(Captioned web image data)
════════════════
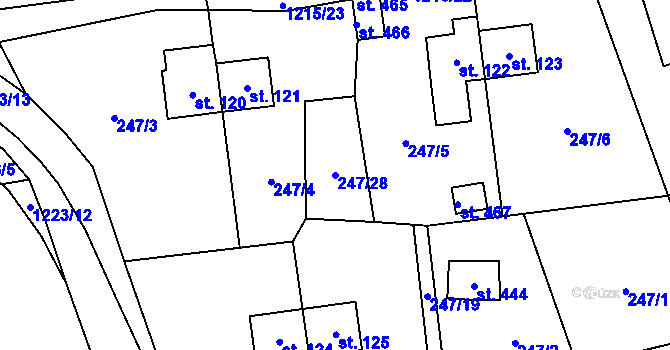 Parcela st. 247/28 v KÚ Šlapanov, Katastrální mapa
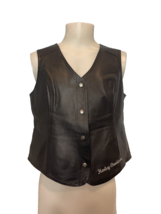 Harley-Davidson Men Biker Vest Black Leather XL - €65,31 EUR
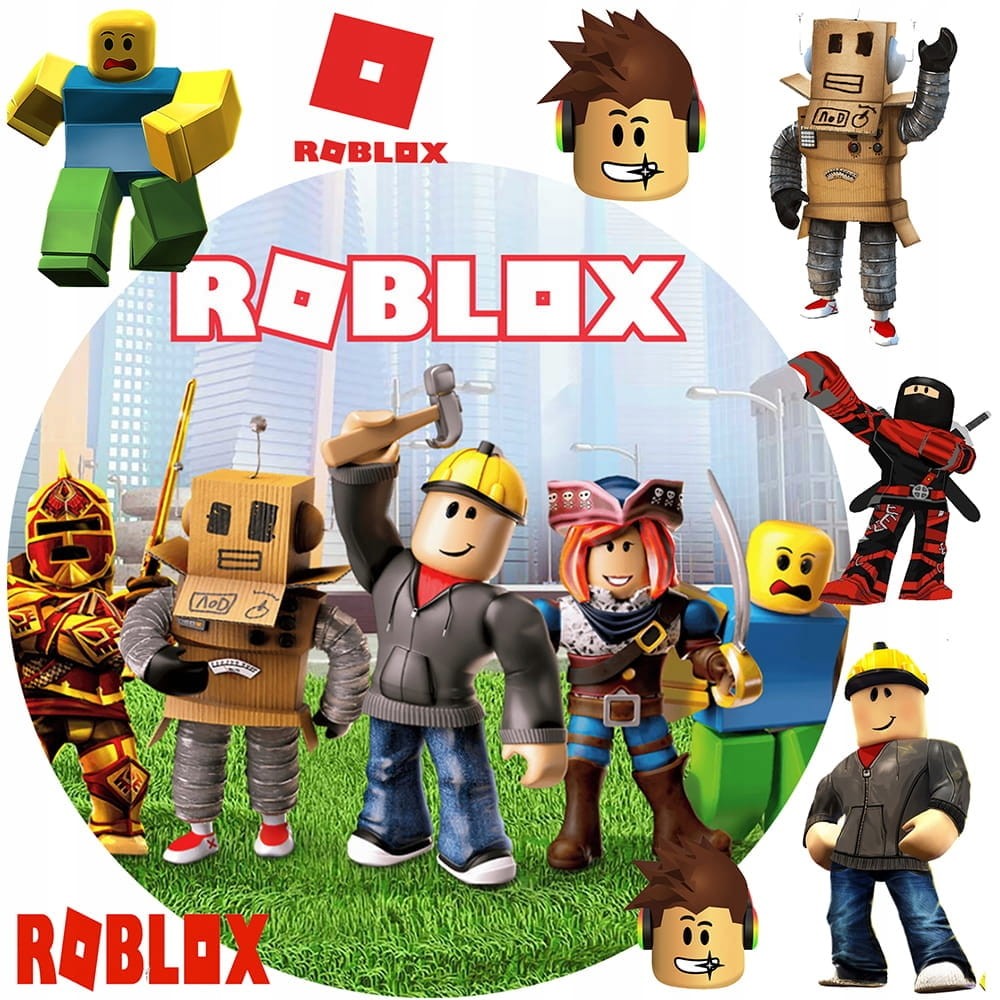 MEGA ZESTAW OPŁATEK NA TORT ROBLOX + POSTACIE + GRATIS TEKST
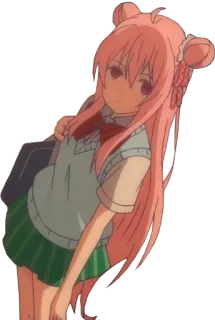 😒 anime, gadis, rambut pink, seragam sekolah telegram sticker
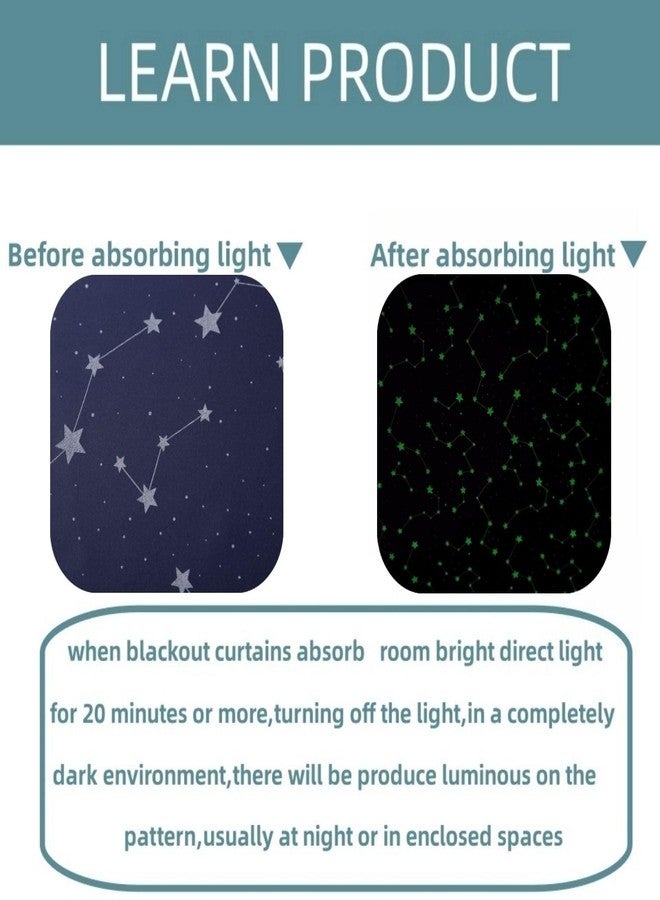 TMLTCOR Blackout Curtains for Bedroom,Navy Blue Curtains for Living Room,Glow in The Dark Blackout Curtains Room Darkening Curtains 84 inch Curtains,52 in Wide Curtains,2 Panels Set,Star - Image 3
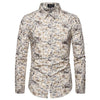 2019 Slim Fit Men Shirt Brand New Long Sleeve Print Mens Casual Shirts Night Club/Party/Prom Dress Shirt Male Clothing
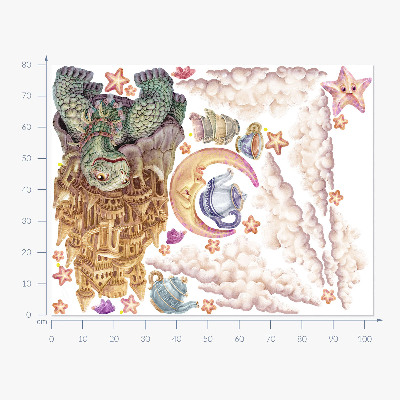 Autocollant mural 80x103 Animaux dans une esthétique de dessin au pastel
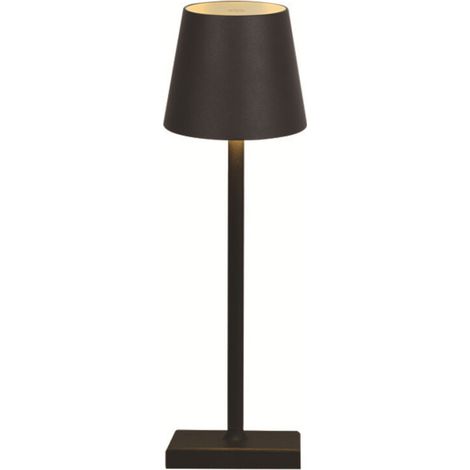 SABIR Lampe de table LED sans fil rechargeable, lampe de bureau alimentée par batterie 5200mAh, lumière portative en métal USB, mini petite lampe de chevet pour restaurant extérieur bar café, Noir (1/5)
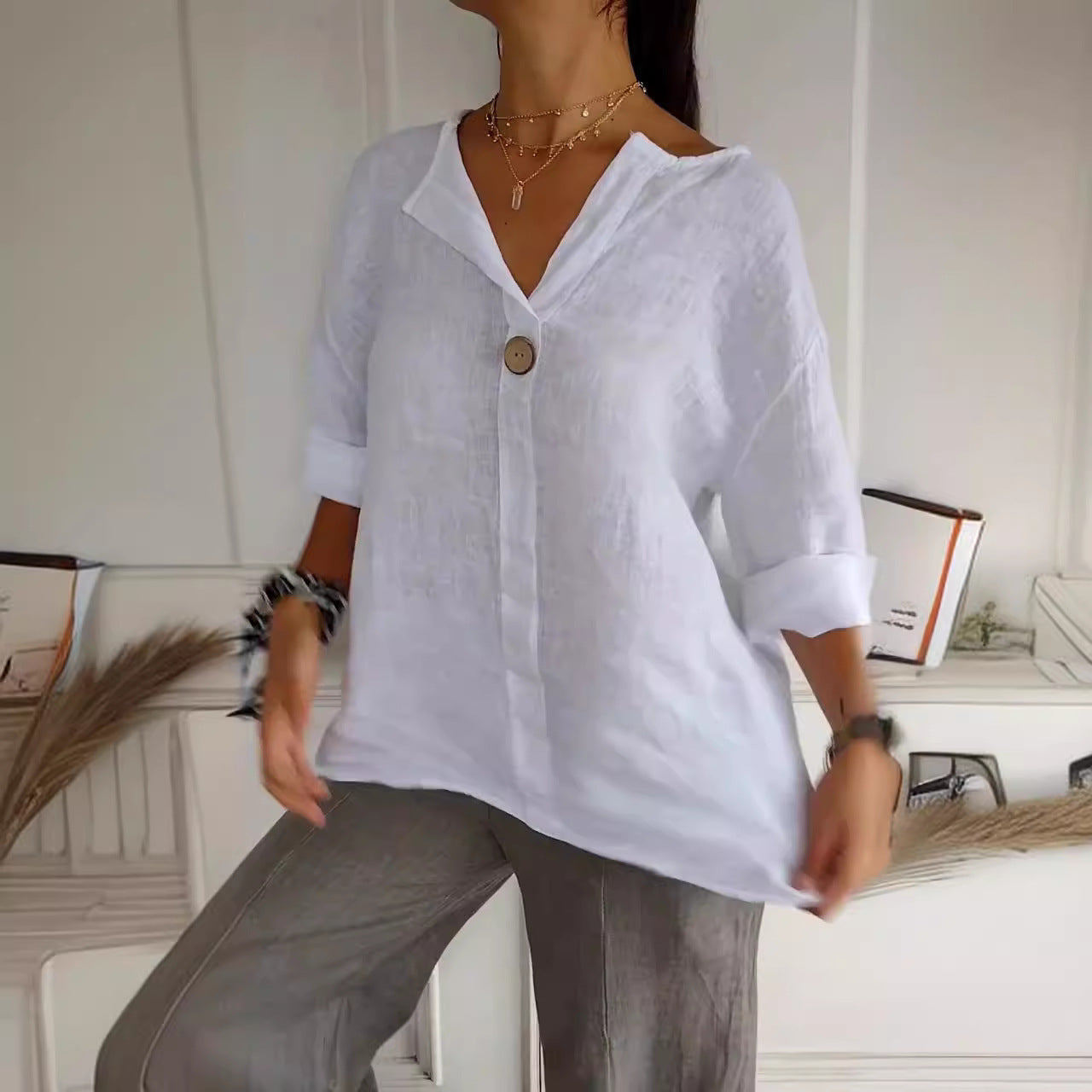 V-neck Cotton & Linen Button Top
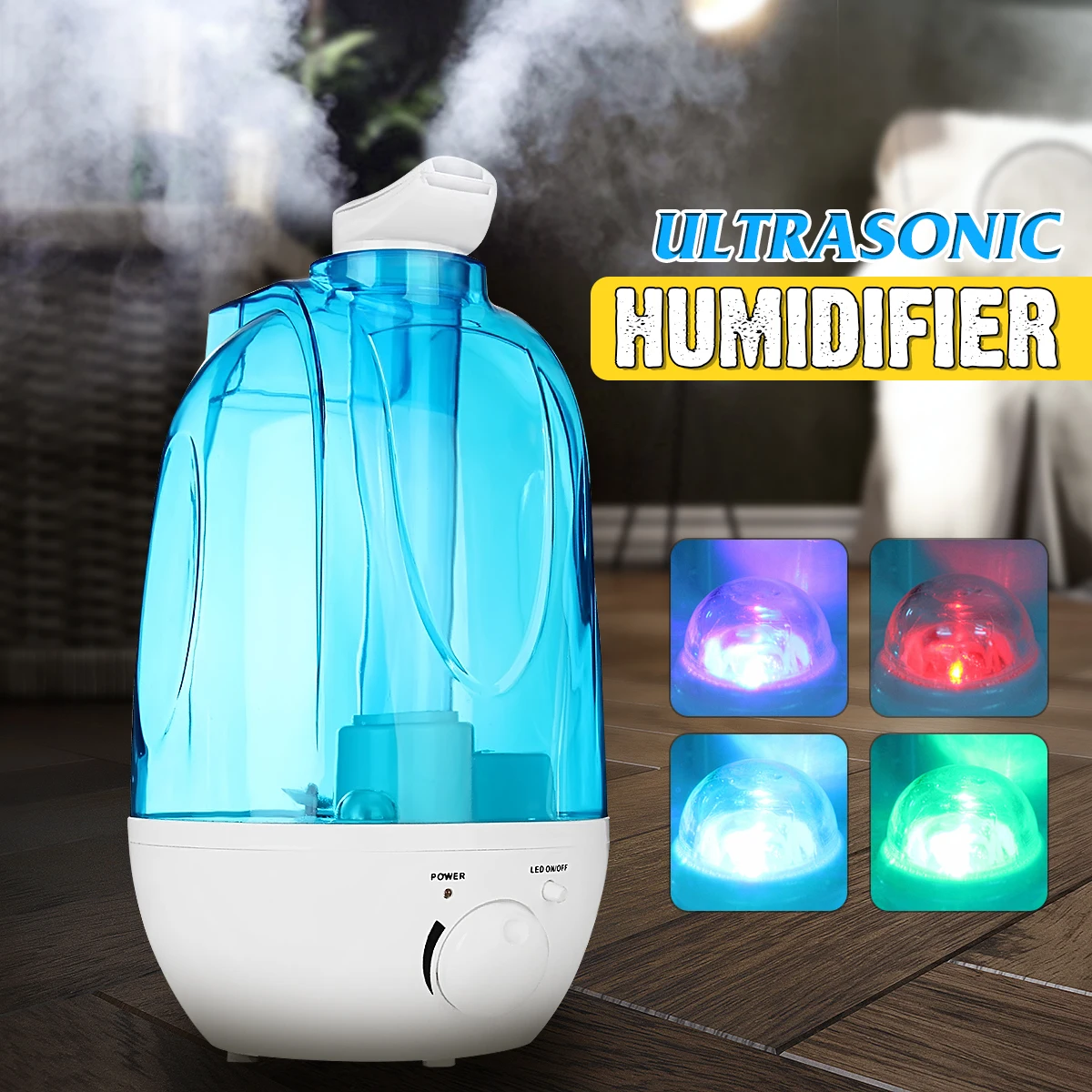 

4L Automatic Air Ultrasonic Humidifier Electric USB LED Lights Air Aroma Aromatherapy oil Diffuser Mist Maker Fogger Purifier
════════════════
| TASK GOAL |
Write out, word for word, the stretch of entries that begins at the line with "MEGA ZESTAW OPŁATEK" and ends at the line with "sekolah telegram sticker". Pictures do not belong in it.

| ANSWER FOR THE TASK |
 MEGA ZESTAW OPŁATEK NA TORT ROBLOX + POSTACIE + GRATIS TEKST
 😒 anime, gadis, rambut pink, seragam sekolah telegram sticker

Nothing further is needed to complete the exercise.